Gov. Scott Walker’s Proposed Mandamus to Compel Congress to Call an Article V Convention

David Super

     After losing his bid for re-election in 2018, Wisconsin Governor Scott Walker enlisted as a consultant for several conservative groups.  Among these groups was one of several seeking to call this country’s first con­vention since 1787 to amend the U.S. Constitution.  Upon taking that position, Gov. Walker announced that he would be visiting several states and persuading leaders there to abandon their resistance to calling a constitutional convention.  Governor Walker claimed that twenty-eight states had already re­quested a convention for the purpose of adding a balanced budget amendment to the Constitution.  He expres­sed optimism that his group would quickly secure another six states.  Article V empowers Congress to call a convention at the request of two-thirds of the states, which is thirty-four. 

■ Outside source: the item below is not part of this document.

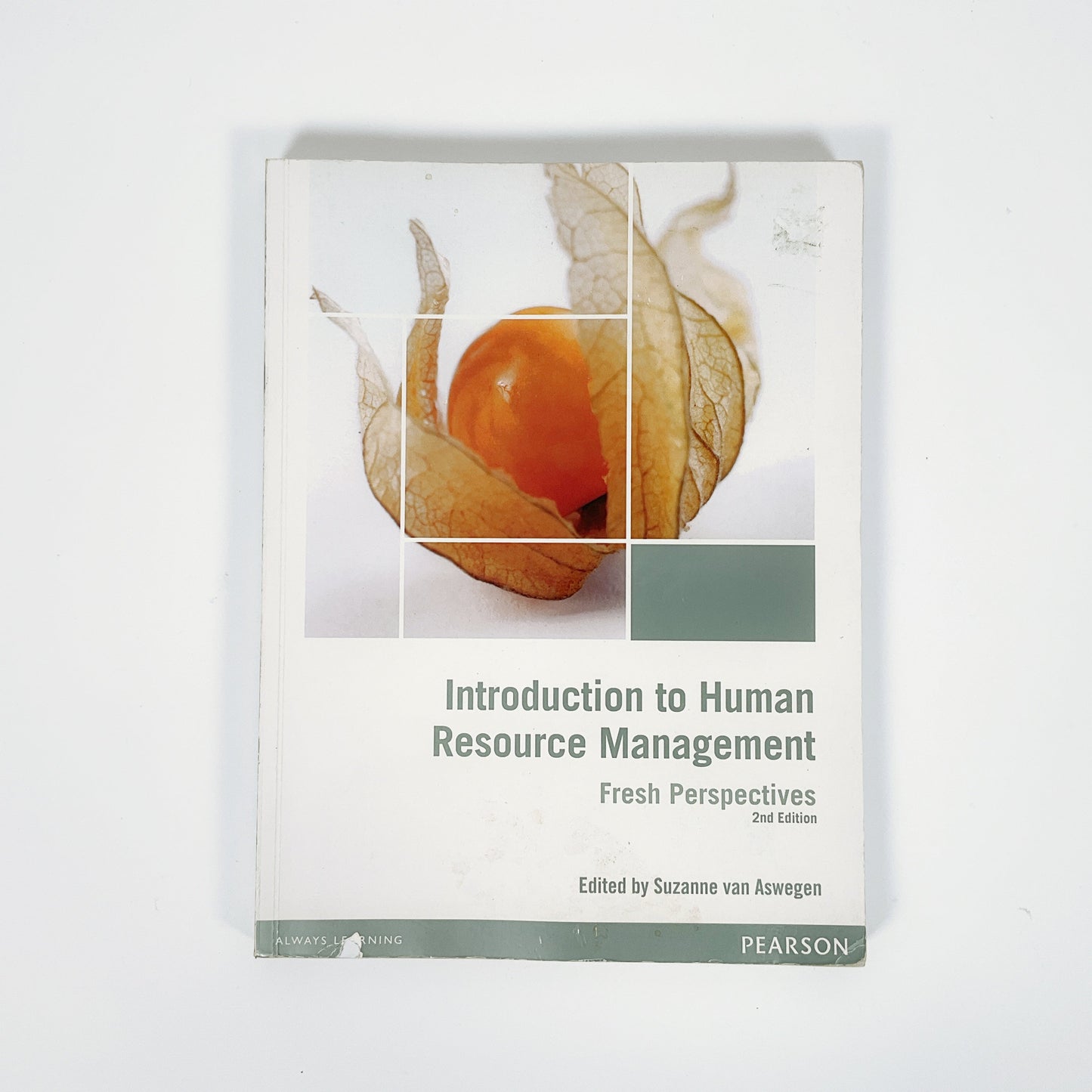 Introduction to human resource Management: Fresh Perspectives 2nd Edition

     The details of Gov. Walker’s visits are not publicly known, he likely learned what has long been appar­ent to others:  many Americans of all political persuasions are unwilling to throw our Constitution open to the whims of the special interest groups that likely would dominate an Article V convention.  Since assuming his new role, the number of states requesting an Article V convention has stagnated.  Indeed, if anything the momentum is away from holding a convention as four states – Delaware, Maryland, Nevada, and New Mexico – rescinded decades-old resolutions calling for an Article V convention. 

     Perhaps frustrated by opposition in state legislatures, Gov. Walker recently proposed turning to the federal courts.  In a presentation at the American Legislative Exchange Council (ALEC), Gov. Walker suggested that one or more of the state attorneys general should file a mandamus action against Congress in federal court seeking an order compelling Congress to call an Article V convention. 

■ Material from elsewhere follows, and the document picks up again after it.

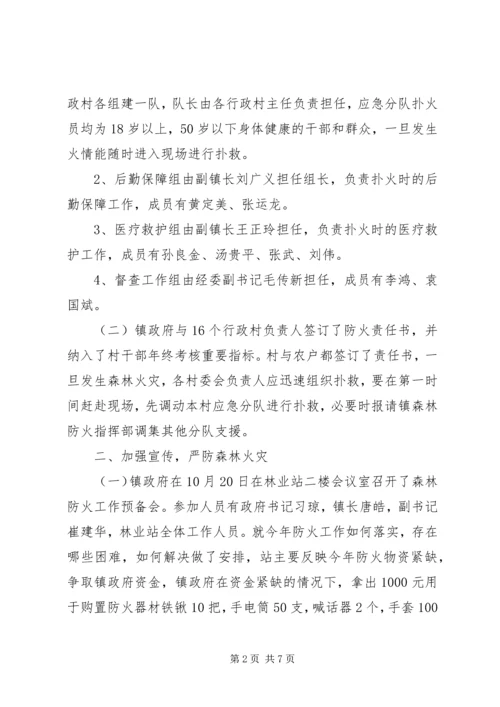 基层乡镇森林防火一年工作汇报.docx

     Such an action would be wholly unsustainable under existing law and precedent.  In Spallone v. United States, 493 U.S. 265, 279 (1990), the Court overturned contempt fines against city councilmembers whom it agreed had violated both civil rights laws and a consent judgment to which they had agreed.  Writing for the Court, Chief Justice Rehnquist “emphasized that any restriction on a legislator’s freedom undermines the ‘public good’ by interfering with the rights of the people to representa­tion in the democratic process.”  He went on to note that the doctrine of legislative immunity prohibited both injunctions and damage awards against state officials acting in a legislative capacity.  If respect for voters’ right to control their elected legislators overrides even the Supremacy Clause, it certainly would not allow courts to order Congress to legislate in any particular manner. 

     Moreover, no federal statute authorizes such suits against Congress.  Under 28 U.S.C. § 1361, federal courts may issue writs of “mandamus to compel an officer or employee of the United States or any agency thereof to perform a duty owed to the plaintiff.”  Congress is not an agency of the United States, and the Speech and Debate Clause prohibits any court from so much as questioning Members of Congress about any of their legislative actions.  Art. I, sec. 6.  It also is doubtful that, even if Congress was required to call an Article V convention, that would be a “duty owed to” any state attorney general.  The Supreme Court has repeatedly emphasized that Article III requires plaintiffs to have particularized interests, beyond a general desire to uphold the law, to invoke federal courts’ jurisdiction.  Raines v. Byrd, 521 U.S. 811 (1997); Lujan v. Defenders of Wildlife, 504 U.S. 555 (1992); see Blessing v. Freestone, 520 U.S. 329 (1997).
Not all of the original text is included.